Question. Does the service stay responsive under overload? What is the cost (rejected requests, false positives)?
Solutions¶
Solution 1¶
GOGC=50 produces roughly double the cycles of default GOGC=100. GOGC=200 produces roughly half. The trigger is live × (1 + GOGC/100); smaller percentages mean tighter triggers and more frequent GC.
Solution 2¶
They behave identically once both are applied. Operational difference: env var works without code change and applies from the moment the runtime starts (catching very early allocations). The runtime call requires modifying source and applies only after the call executes.
Solution 3¶
Each gctrace line shows the goal. For GOGC=100, the goal should be roughly live × 2. Compare the third number in a->b->c MB to the goal — the ratio is the live-to-goal factor.
Solution 4¶
HeapAlloc will be around 100 MiB. NumGC is 0 because GC is disabled. The allocator just keeps mapping more memory from the OS.
Solution 5¶
HeapAlloc after runtime.GC() is the live working set, not zero. The program's globals, stacks, and the MemStats struct itself still occupy memory.
Solution 6¶
GOGC=500 or GOGC=1000 usually wins for this CPU-bound loop. Each Record is small but allocations add up; less frequent GC means more useful CPU. The trade-off: peak heap is larger.
Solution 7¶
Sys should stay close to 1200 MiB. GCCPUFraction rises modestly as the soft limit starts pulling collections forward.
Solution 8¶
A sync.Pool of *bytes.Buffer (reset on Get, returned on Put) reduces cycles substantially. Cost: pool bookkeeping and slightly more peak memory (pooled buffers across cycles).
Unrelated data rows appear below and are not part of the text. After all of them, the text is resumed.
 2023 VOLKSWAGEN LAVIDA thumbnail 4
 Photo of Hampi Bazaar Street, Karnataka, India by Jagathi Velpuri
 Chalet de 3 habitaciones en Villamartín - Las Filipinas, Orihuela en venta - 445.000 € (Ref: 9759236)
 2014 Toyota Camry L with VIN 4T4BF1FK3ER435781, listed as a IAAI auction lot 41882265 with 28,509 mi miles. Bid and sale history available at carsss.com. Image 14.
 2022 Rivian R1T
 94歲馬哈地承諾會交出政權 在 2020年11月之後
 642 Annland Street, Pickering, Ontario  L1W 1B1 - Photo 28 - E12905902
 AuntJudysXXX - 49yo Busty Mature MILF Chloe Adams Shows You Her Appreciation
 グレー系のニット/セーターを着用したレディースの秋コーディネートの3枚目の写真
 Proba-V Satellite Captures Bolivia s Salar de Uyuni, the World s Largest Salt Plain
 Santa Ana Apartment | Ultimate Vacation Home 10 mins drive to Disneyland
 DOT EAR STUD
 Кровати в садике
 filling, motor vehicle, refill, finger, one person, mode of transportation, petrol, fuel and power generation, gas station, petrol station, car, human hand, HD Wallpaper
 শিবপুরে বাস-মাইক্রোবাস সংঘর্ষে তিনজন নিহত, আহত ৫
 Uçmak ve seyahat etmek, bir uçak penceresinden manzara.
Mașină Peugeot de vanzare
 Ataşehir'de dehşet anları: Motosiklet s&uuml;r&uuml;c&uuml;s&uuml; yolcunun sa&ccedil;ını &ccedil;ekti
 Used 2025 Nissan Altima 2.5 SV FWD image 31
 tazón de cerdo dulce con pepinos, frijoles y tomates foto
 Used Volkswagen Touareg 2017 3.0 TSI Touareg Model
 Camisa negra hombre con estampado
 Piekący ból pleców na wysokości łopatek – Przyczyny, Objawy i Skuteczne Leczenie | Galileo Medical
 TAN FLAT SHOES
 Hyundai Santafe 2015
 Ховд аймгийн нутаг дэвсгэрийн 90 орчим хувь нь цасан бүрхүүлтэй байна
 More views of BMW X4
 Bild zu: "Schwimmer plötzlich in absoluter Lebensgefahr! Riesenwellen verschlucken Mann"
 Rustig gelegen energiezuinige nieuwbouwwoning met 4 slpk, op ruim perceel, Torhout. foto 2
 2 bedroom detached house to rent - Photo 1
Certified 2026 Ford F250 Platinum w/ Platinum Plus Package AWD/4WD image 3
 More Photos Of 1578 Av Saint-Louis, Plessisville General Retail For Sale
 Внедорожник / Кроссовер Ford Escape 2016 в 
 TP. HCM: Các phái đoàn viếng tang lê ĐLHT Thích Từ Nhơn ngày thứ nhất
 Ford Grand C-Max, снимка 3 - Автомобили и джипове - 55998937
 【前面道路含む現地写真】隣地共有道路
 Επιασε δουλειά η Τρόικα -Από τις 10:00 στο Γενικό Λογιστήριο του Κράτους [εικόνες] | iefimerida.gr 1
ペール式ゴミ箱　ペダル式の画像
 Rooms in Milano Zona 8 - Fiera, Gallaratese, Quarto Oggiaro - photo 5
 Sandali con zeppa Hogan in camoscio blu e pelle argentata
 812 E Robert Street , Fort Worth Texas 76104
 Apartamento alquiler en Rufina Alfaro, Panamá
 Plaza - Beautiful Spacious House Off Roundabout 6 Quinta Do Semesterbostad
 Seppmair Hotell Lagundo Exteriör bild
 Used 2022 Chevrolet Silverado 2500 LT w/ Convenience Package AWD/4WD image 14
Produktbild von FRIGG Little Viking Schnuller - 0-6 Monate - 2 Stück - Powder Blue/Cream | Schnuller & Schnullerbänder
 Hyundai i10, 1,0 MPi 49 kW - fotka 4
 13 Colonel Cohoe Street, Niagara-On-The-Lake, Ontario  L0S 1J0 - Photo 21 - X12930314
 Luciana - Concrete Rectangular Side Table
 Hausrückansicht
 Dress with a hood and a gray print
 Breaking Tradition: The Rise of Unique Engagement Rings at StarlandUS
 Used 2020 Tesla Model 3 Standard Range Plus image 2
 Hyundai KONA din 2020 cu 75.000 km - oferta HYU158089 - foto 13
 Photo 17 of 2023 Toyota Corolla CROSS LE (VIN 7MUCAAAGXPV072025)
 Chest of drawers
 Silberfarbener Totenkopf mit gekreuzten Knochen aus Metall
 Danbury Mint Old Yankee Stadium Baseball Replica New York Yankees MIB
var bufPool = sync.Pool{New: func() any { return new(bytes.Buffer) }}
func work() {
buf := bufPool.Get().(*bytes.Buffer)
buf.Reset()
defer bufPool.Put(buf)
for i := 0; i < 1000; i++ {
buf.WriteByte(byte(i))
}
_ = buf.String()
}
Solution 9¶
newPoint escapes because the function returns a pointer to a stack-allocated value, which forces it to the heap. makePoint returns a value, so the compiler can store the result in the caller's frame. Rewriting newPoint to return a Point value (not a pointer) keeps it on the stack.
Solution 10¶
live should approach goal then trigger a cycle that drops it. GC CPU rises roughly linearly with allocation rate at steady state.
Solution 11¶
Elapsed time grows non-linearly because GC is running constantly trying to free memory that is genuinely live. GCCPUFraction climbs toward 0.50 (the cap). Fix: raise GOMEMLIMIT, or reduce working set, or remove the unbounded keep.
Solution 12¶
GOGC=300 likely wins for throughput; latency depends on whether GC pauses dominate. Tail latency reveals occasional stalls that the average smooths over.
Solution 13¶
GOMEMLIMIT matching the desired peak (say, 1.5 GiB) with GOGC=100 lets the runtime keep memory in check without a fake allocation. Better because no real memory is wasted on the ballast; the runtime self-tunes.
Solution 14¶
GOMEMLIMIT plus a semaphore (golang.org/x/sync/semaphore or a buffered channel) is the standard combination. The runtime contains memory; the semaphore contains concurrency. Removing the semaphore lets requests pile up; removing GOMEMLIMIT lets memory creep upward.
Solution 15¶
The middleware reads /cpu/classes/gc/total:cpu-seconds at two times, computes the delta, divides by elapsed CPU. If above 25%, sets an atomic flag for 1 second. Cost: false rejections during normal bursts; tune the threshold and the cooldown for your workload.